**Your goal**.
Write out, exactly and only, the lines that run from the top of the records to the line with "2 Baby Dolls". Include both ends; exclude pictures.

**Data for processing**.
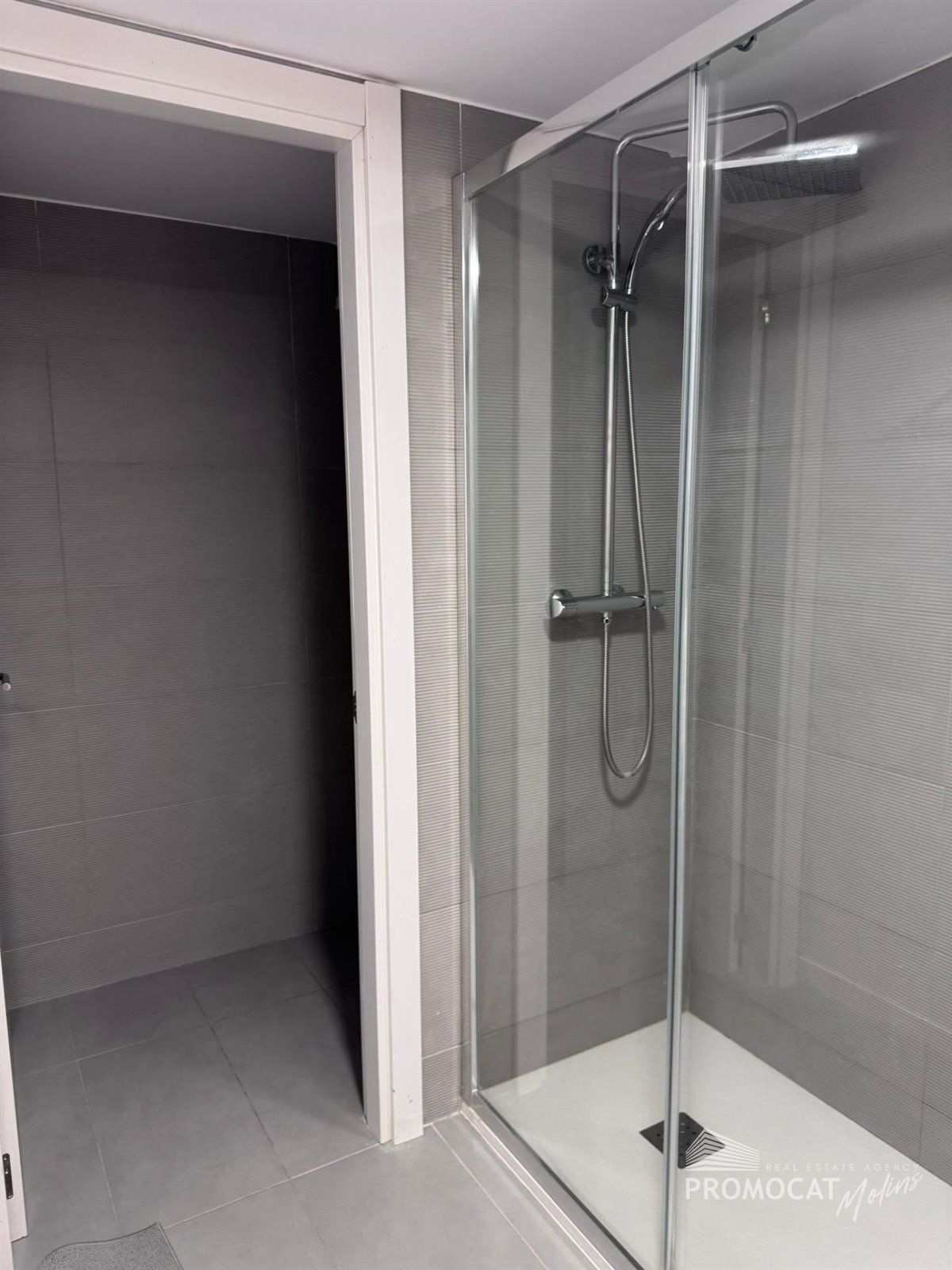 Oportunidad única en Esplugues de Llobregat: local con diseño tipo loft en dos alturas - Foto 12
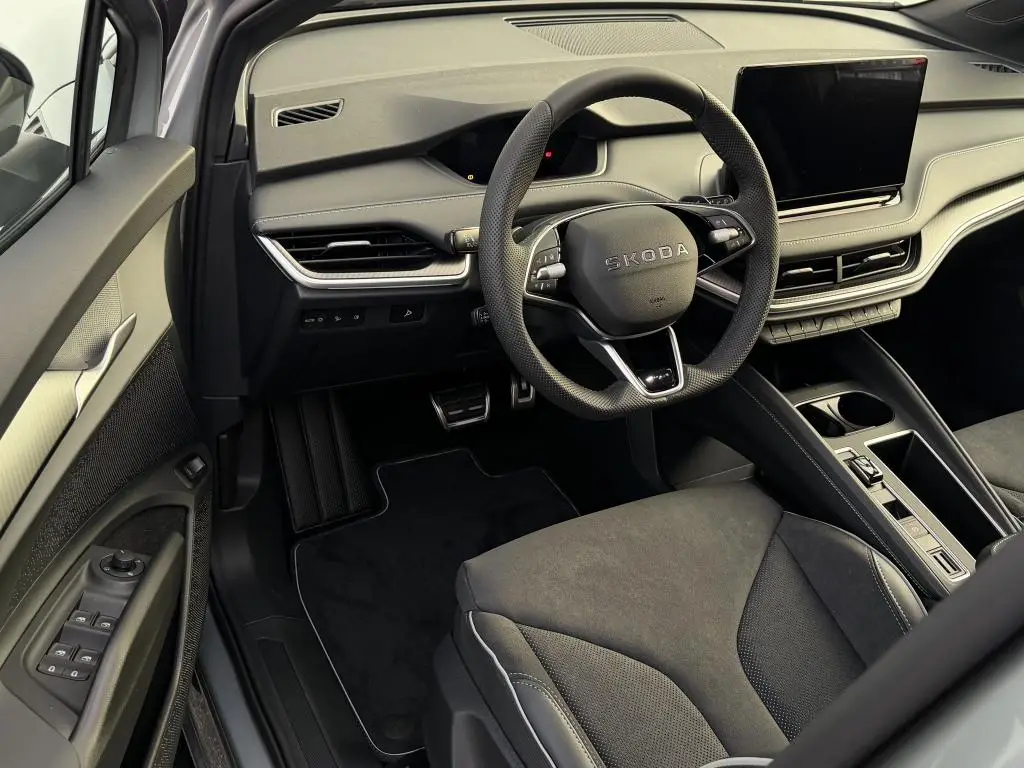 Škoda Elroq Sportline 60 63 kWh   / 150kW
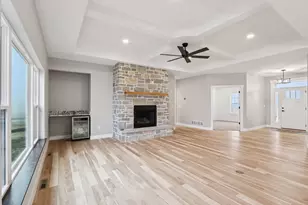 W223S9323 Oak Ridge Dr, Big Bend, WI 53103 - Photo 11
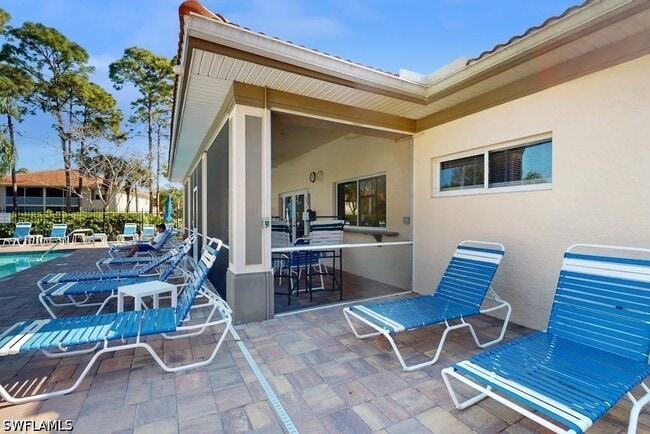 Building Photo - 350 Robin Hood Cir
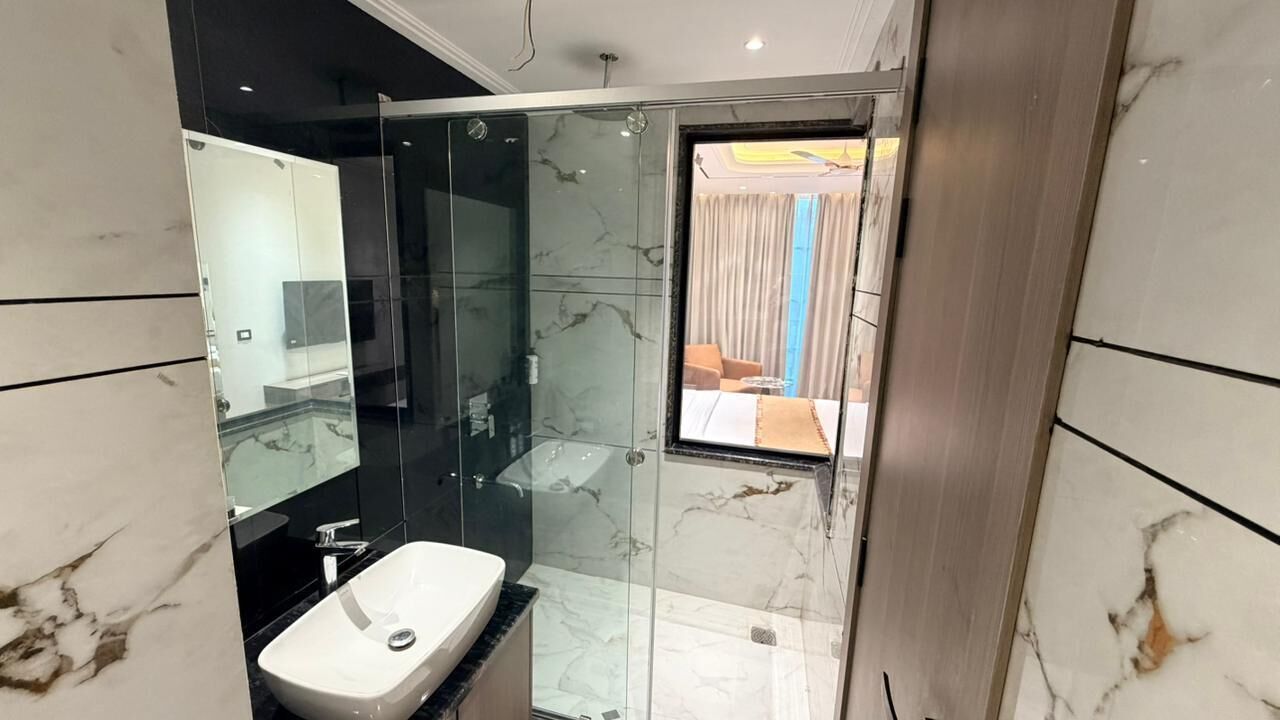 Habitación Deluxe, balcón | Baño | Artículos de higiene personal gratuitos, toallas, jabón y champú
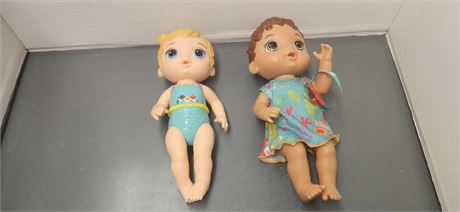 2 Baby Dolls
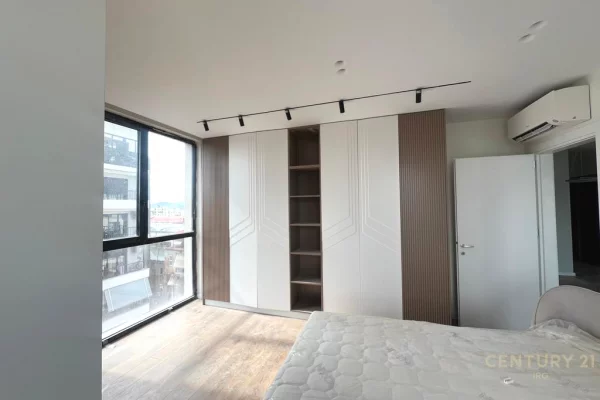 Shtepi ne shitje Apartament ne Tirane, 2+1, Mobilimi Pjeserisht e mobiluar, Pagesa 300,000  Euro.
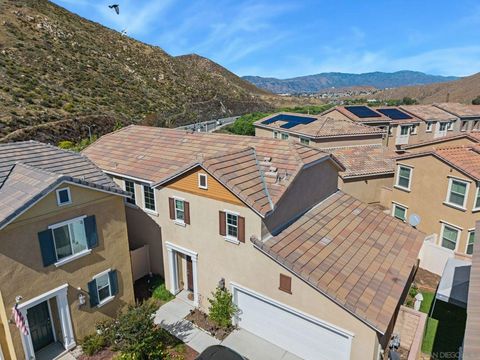 Photo of 24065 Elderberry LN, Lake Elsinore, CA 92532 (MLS # 260011997SD)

**Written response**.
 Oportunidad única en Esplugues de Llobregat: local con diseño tipo loft en dos alturas - Foto 12
 Škoda Elroq Sportline 60 63 kWh   / 150kW
 W223S9323 Oak Ridge Dr, Big Bend, WI 53103 - Photo 11
 Building Photo - 350 Robin Hood Cir
 Habitación Deluxe, balcón | Baño | Artículos de higiene personal gratuitos, toallas, jabón y champú
 2 Baby Dolls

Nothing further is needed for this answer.